Let us also define a function to generate the text and get the best possible answer from the dataset

def generate(index):

  example_text = data['validation'][index]['question']
  correct_answer = data['validation'][index]['best_answer']

  print("Question:")
  print(example_text)

  encoding = tokenizer(example_text, return_tensors="pt").to("cuda:0")
  output = model.generate(input_ids=encoding.input_ids, attention_mask=encoding.attention_mask, max_new_tokens=100, do_sample=True, temperature=0.000001, eos_token_id=tokenizer.eos_token_id, top_k = 0)

  print("Answer:")
  print(tokenizer.decode(output[0], skip_special_tokens=True))

  print("Best Answer:")
  print(correct_answer)

  print()

fine-tuning...

trainer = transformers.Trainer(
    model=model,
    train_dataset=train_dataset,
    # eval_dataset=val_dataset,
    args=transformers.TrainingArguments(
        num_train_epochs=30,
        per_device_train_batch_size=16,
        gradient_accumulation_steps=4,
        warmup_ratio=0.05,
        # max_steps=100,
        learning_rate=2e-4,
        fp16=True,
        logging_steps=1,
        output_dir="outputs",
        optim="paged_adamw_8bit",
        lr_scheduler_type='cosine',
    ),
    data_collator=transformers.DataCollatorForLanguageModeling(tokenizer, mlm=False),
)
model.config.use_cache = False  # silence the warnings. Please re-enable for inference!
trainer.train()

Evaluating the model

model.config.use_cache = True
model.eval()

generating the text

generate(0)

Conclusion

Finally, with the introduction of Large Language Models (LLMs) such as GPT-3, BERT, and others, the domain of Natural Language Processing has experienced a significant revolution. These models, which have been pre-trained on massive volumes of text data, possess an intuitive understanding of human language and have evolved into effective tools for various applications. However, fine-tuning is often necessary to unlock their full potential.

We can fine-tune these adaptable, pre-trained models to tailor them to specific tasks, industries, or domains. Fine-tuned LLMs enable us to deliver highly accurate and context-aware results in sentiment analysis, content generation, translation, and even domain-specific dialogues.

We examined a fine-tuning technique.

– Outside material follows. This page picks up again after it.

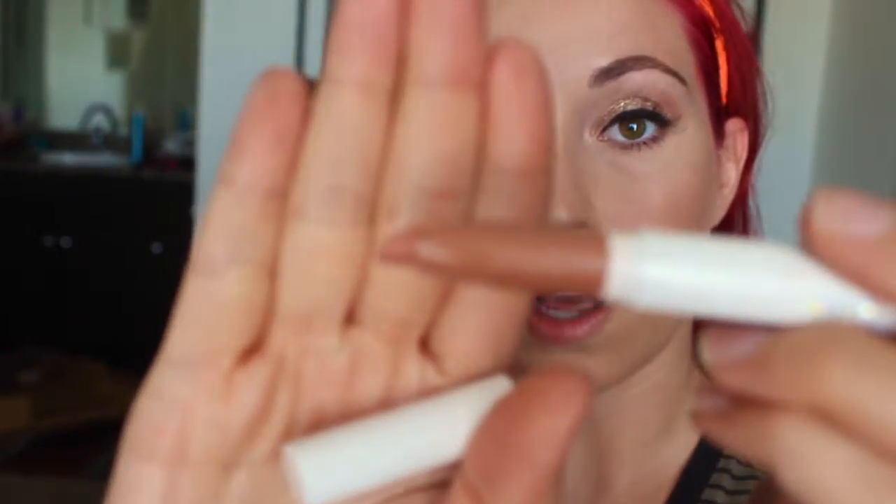For lips, I'm going to be using the ColourPop Lippie Stick in Cookie Matte. It's a really pretty neutral color. I'm just going to put this everywhere.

As we advance in the field of NLP, the adaptability and flexibility of fine-tuned LLMs will be crucial in driving the technology to new heights. The possibilities range from chatbots to content recommendation systems. We can fine-tune these language models to meet our specific needs, making them valuable assets in our pursuit of realizing the full potential of human language understanding. NLP has a bright future, and fine-tuning is the key to unlocking its brilliance.